McCraney’s play is not so much about telling a story as it is about exploring and elevating one, looking under it and inside of it through African folklore and bold theatricality. The tale is that of Oya (Diarra Kilpatrick), a young black woman whose gift for running is her way out of a life full of dead ends in the Louisiana projects. From the opening moments of “In the Red and Brown Water,” director Shirley Jo Finney infuses the story and the playwright’s heightened language with marvelous layers of music and movement (credit to composers Dejah Gomez and Brenda Lee Eager, who also provided vocal direction, as well as choreographer Ameenah Kaplan).
So Oya’s story of hope, joy, and heartache is a song we can feel down to our bones, rendered loud and clear by an incredible ensemble. It’s difficult to take your eyes off of the long, lean Kilpatrick as Oya is confronted by caring questions and difficult roadblocks along her journey of discovery, first by her Mama Mojo (a sly Peggy A. Blow), who’s looking to protect her wide-eyed daughter with her old-world ways. The appropriately moonfaced Theodore Perkins is a delight as Oya’s naughty but loving stand-in brother Elegba. As the other men who appear and reappear in Oya’s life, Gilbert Glenn Brown brings it as the devastatingly smooth Shango, and Dorian Christian Baucum is wonderfully complex as the too loyal Ogun. Iona Morris takes a dynamic turn as Oya’s truth-telling Aunt Elegua, and without missing a beat Maya Lynne Robinson, Simone Missick, Justin Chu Cary, and Stephen Marshall complete the finely tuned ensemble.
Finney’s visceral staging offers arresting images on Frederica Nascimento’s stylized set, and José Lopez’s lighting is in appropriately big, broad strokes.
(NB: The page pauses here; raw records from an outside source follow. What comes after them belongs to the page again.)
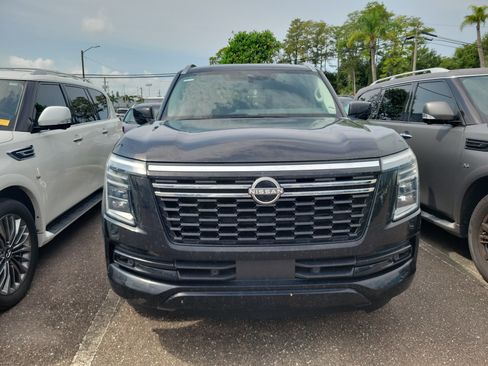 Used 2025 Nissan Armada SV RWD image 2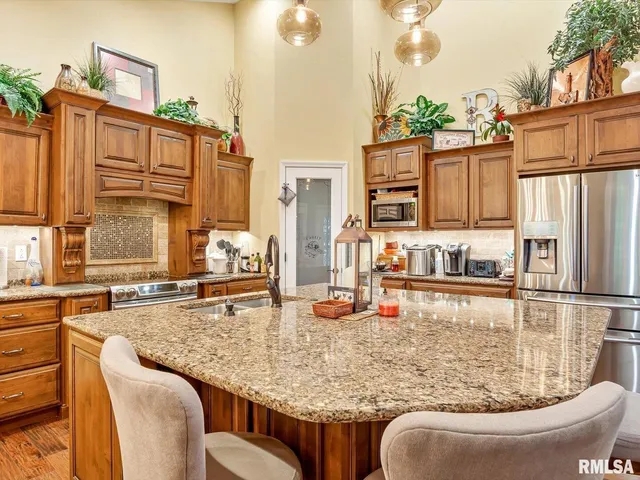 $525,000 | 432 Indian Trail, Pinckneyville, IL 62274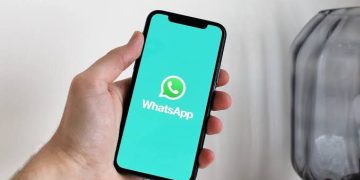 Cara Membuat Tulisan Warna-Warni di WhatsApp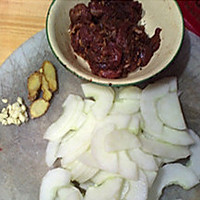 老黄瓜炒肉的做法图解2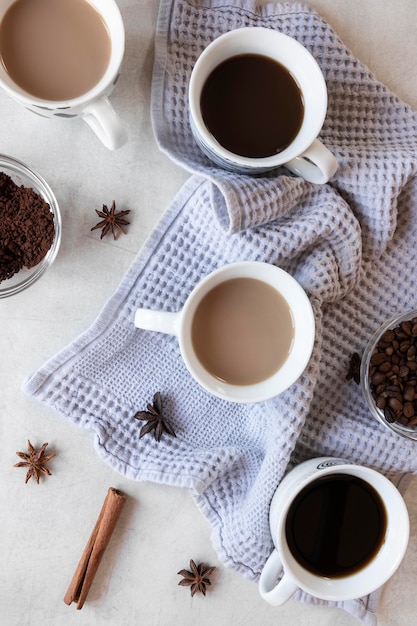 Tazas de café en la mesa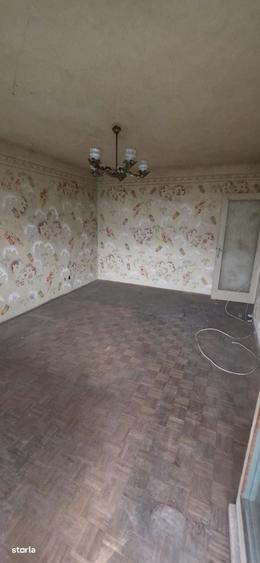 Apartament cu 2 camere decomandat în Drumul Găzarului
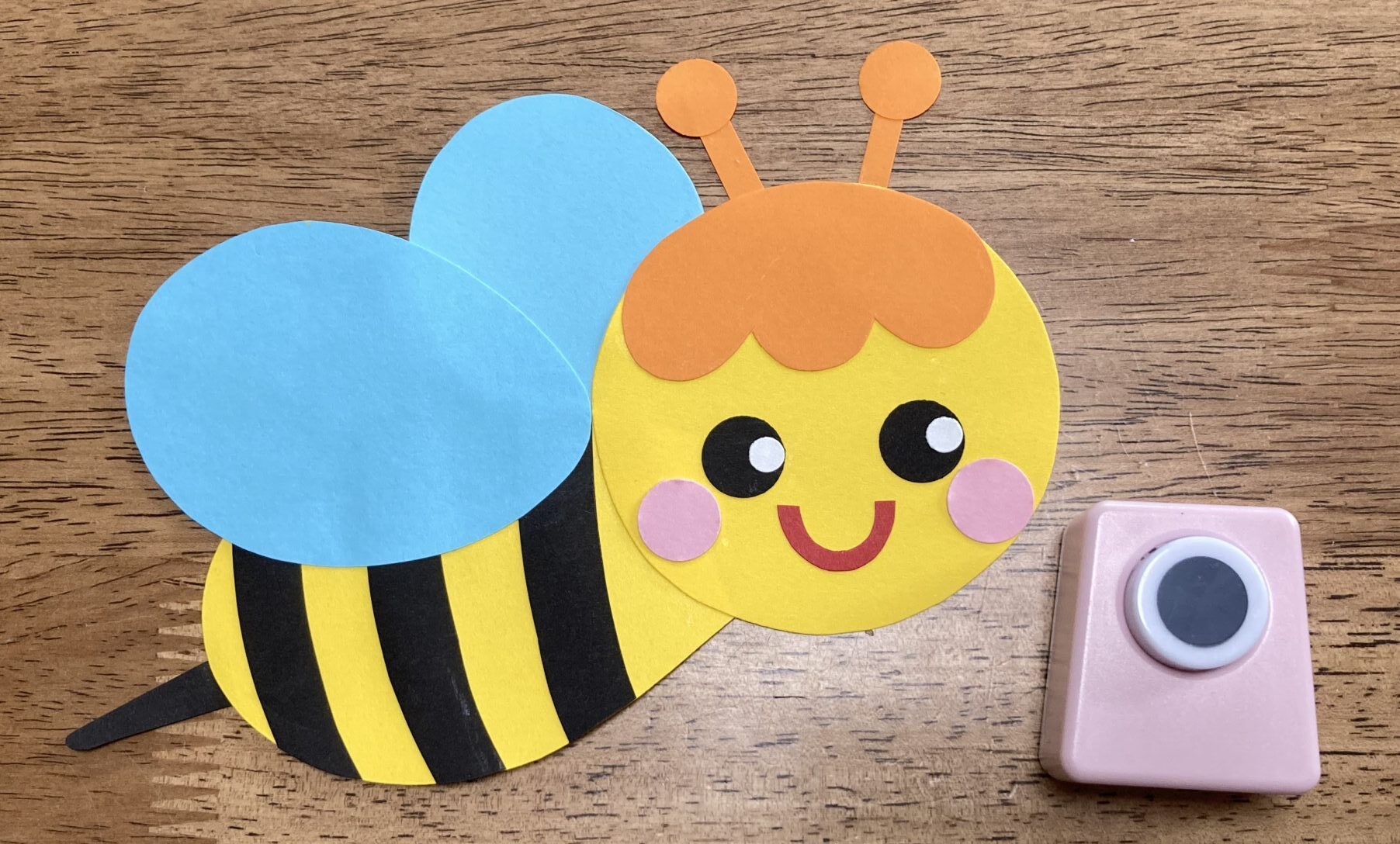 クラフトパンチ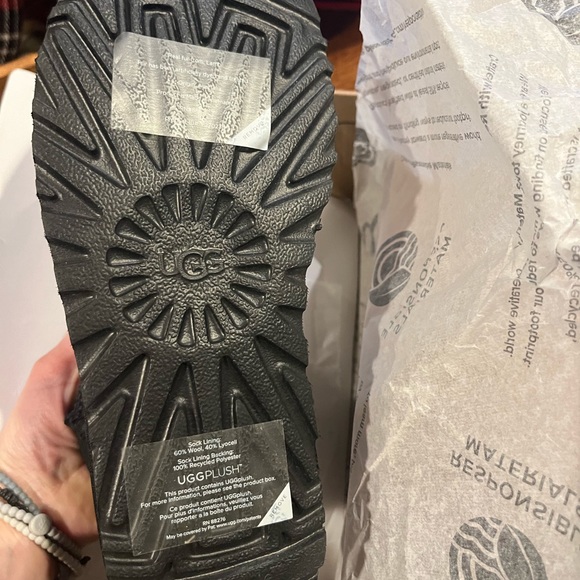 UGG ~ Black Ultra Mini ~ Women’s Size 7 - Picture 4 of 6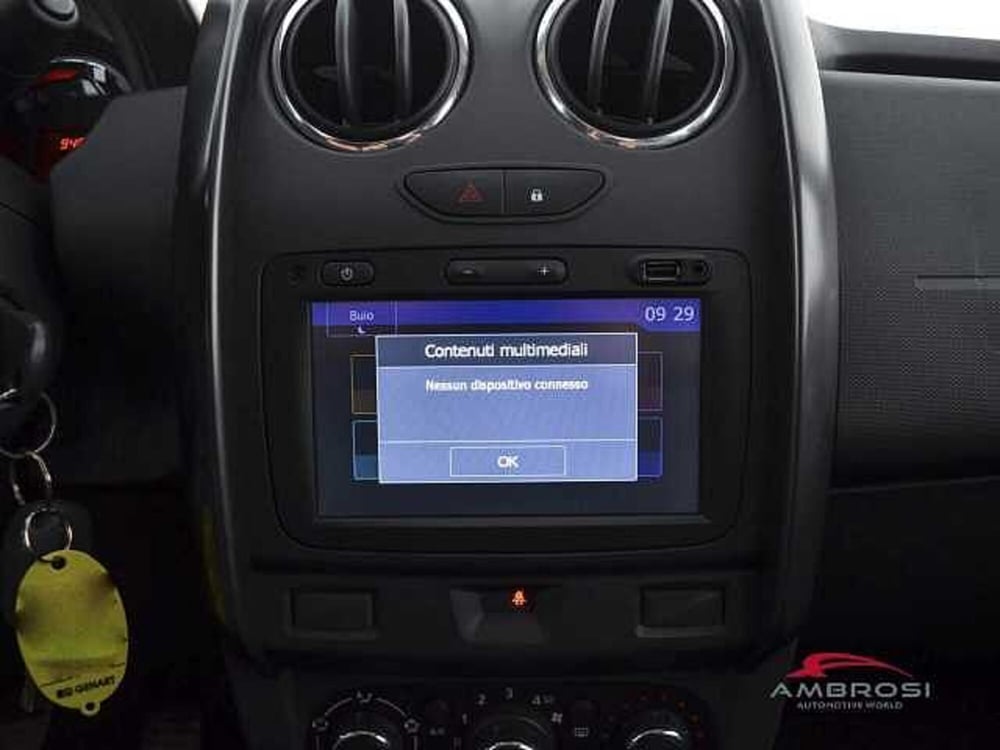 Dacia Duster usata a Viterbo (15)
We could use some help at times clarifying time and space, however, and what doesn’t work are a lot of extraneous, confusing set-dressing elements—baskets, bottles—littering the stage, which muddle the strong design choices. Still, this production draws us deep into the playwright’s world, finds us gasping for breath just when we thought we were comfortable, and leaves us wanting more.